Fine-Tuning Qwen2.5-VL on Your Own Images using LLaMA-Factory

The world of Large Language Models (LLMs) is evolving rapidly into Vision-Language Models (VLMs). Models that can see and understand images—like Qwen2.5-VL—are game changers for tasks like OCR, medical imaging analysis, and visual agents.

However, fine-tuning these multimodal models has historically been a complex engineering nightmare.

Enter LLaMA-Factory.

This unified framework makes fine-tuning state-of-the-art models accessible to everyone. In this tutorial, I will guide you step-by-step through fine-tuning Qwen2.5-VL-7B-Instruct on a custom image dataset. Whether you are a researcher or a hobbyist, this guide will take you from an empty folder to a working custom VLM.

Prerequisites

Before we begin, ensure you have:

Hardware: An NVIDIA GPU (24GB VRAM recommended for 7B models using LoRA; A100/H100 is ideal for faster training).
OS: Linux (Ubuntu/CentOS) or Windows via WSL2.
Python: Version 3.10 or higher.

Step 1: Environment Setup

We need a clean environment with the specific dependencies for Qwen's visual processing capabilities.
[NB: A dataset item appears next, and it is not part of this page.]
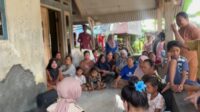 Tim Mahasiswa Kuliah Kerja Mahasiswa (KKM) Kelompok 86 Universitas Bina Bangsa (UNIBA) menyelenggarakan pelatihan pembuatan brownies kukus bersama warga setempat khususnya para ibu rumah tangga untuk menambah ragam ide olahan kuliner bernilai jual. (Dok. Pribadi/Kelompok KKM 86 UNIBA)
Create a Conda environment:

conda create -n qwen_vl_ft python=3.10
conda activate qwen_vl_ft

Clone LLaMA-Factory:

git clone https://github.com/hiyouga/LLaMA-Factory.git
cd LLaMA-Factory

Install dependencies: This step is crucial. Qwen2.5-VL requires qwen-vl-utils to handle image inputs.

pip install -e .[metrics]
pip install qwen-vl-utils

(Optional but Recommended: Install Flash Attention 2 for faster training if you have an Ampere/Ada GPU like A100/RTX3090/4090):

pip install flash-attn --no-build-isolation

Step 2: Prepare Your Multimodal Dataset

Data preparation for VLMs is slightly different from text-only models. You need to link your text instructions to specific image files.

1. Organize your images

Create a folder named data/my_images inside the LLaMA-Factory directory and put all your training images there (e.g., .jpg or .png files).

2. Create the JSON file

Create a file named data/my_vl_data.json. The format should include an images list containing the path to the image.

Example Format:

[
  {
    "instruction": "Analyze this image and describe the defects found.",
    "input": "",
    "output": "The image shows a crack in the metal surface located at the top left corner.",
    "images": [
      "data/my_images/defect_001.png"
    ]
  },
  {
    "instruction": "What is the text written on the sign?",
    "input": "",
    "output": "The sign says 'Do Not Enter'.",
    "images": [
      "data/my_images/sign_045.jpg"
    ]
  }
]

Note: Ensure the image paths are relative to the LLaMA-Factory root directory or absolute paths.

3. Register the dataset

Open data/dataset_info.json and add your new dataset definition:

"my_vl_dataset": {
  "file_name": "my_vl_data.json",
  "formatting": "alpaca",
  "columns": {
    "prompt": "instruction",
    "query": "input",
    "response": "output",
    "images": "images"
  }
}

Step 3: Download the Base Model

For stability, download the model weights manually before training.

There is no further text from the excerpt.